People have concerns about ‘just-in-time’ but warehousing stock has drawbacks too. If you, as a widget manufacturer, develop a new model, then you have to decide what to do with all the stock of out-of-date widgets.

You could sell them off, but that would undermine your market for new improved widgets.

You could recycle them, but that may cost more than the alternatives and, depending on what they are made of, may be impracticable.

In many cases, you will want to be sure that the old models do not surface on eBay or wherever, so the only option is to destroy them.
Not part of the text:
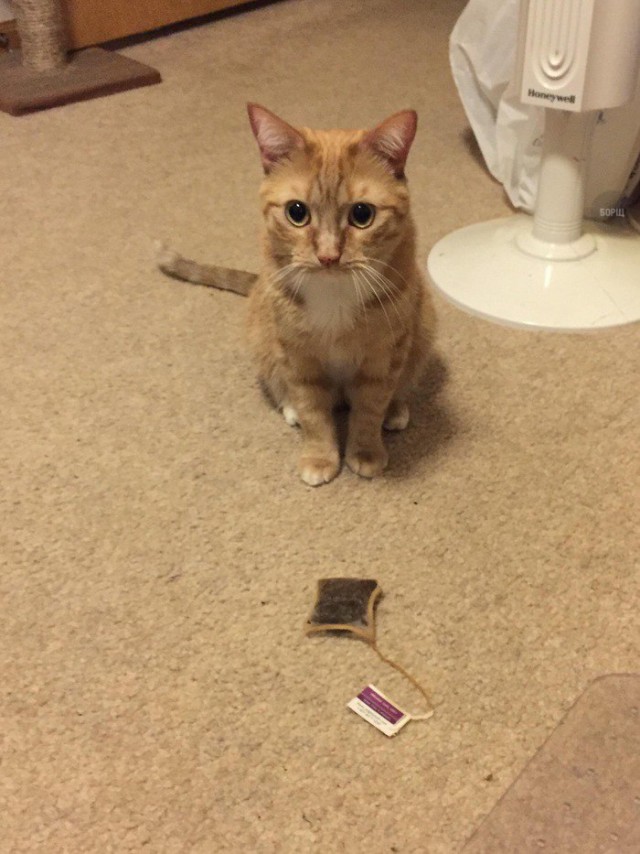 Коты и Кошки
Of course, if ‘you’ are a government, and the widgets are £50 notes, no one would complain if you make sure that they are totally destroyed.

A Canadian program - Marketplace or W5 I think - did a show on this not long ago.

The basic problem is simple. They allow returns. People return items. If you operated a storefront, you could have a bin or rack in the store with the items marked down and people could look them over, decide if they could use them despite the open box and partial use.

If your business is mail order, then every item has to be checked- is it clean? Does it work? (If not, can it be repaired?) Are all the parts and instructions included? Is the packaging presentable and usable for shipping? If not, what parts can be recycled and how much disassembly required. (A cheap toaster for example is $C22 on Amazon, including shipping. How much would it cost to unpack it, check if it works, verify the packaging and instructions are complete, and repack it presentably? Assuming 50% of these after all this work are not resellable? And do you undercut your own goods with refurbished goods?)

It would be fine if people simply returned items that don’t work, but people return a lot of stuff for the most trivial reasons. (Some will order 3 or 4 sizes and then return all but the one size that fits) Even the logistics of charging a restock fee costs money; but generally, AFAIK, Amazon does not.

The TV investigators in the program put tracking tags in their merchandise and then returned it and followed it - into giant warehouses, then some into smaller junk dealers, but much of it into landfill. Basically, profit margins are too small to dedicate time to the effort of sorting, refurbishing etc. The cheapest path is to trash it all.

The impression I got from the program was that this is standard across North America.

To paraphrase Bishop Amalric, “Trash it all, let God sort it out.”

That’s actually how Prime Wardrobe works. Damn stupid, if you ask me.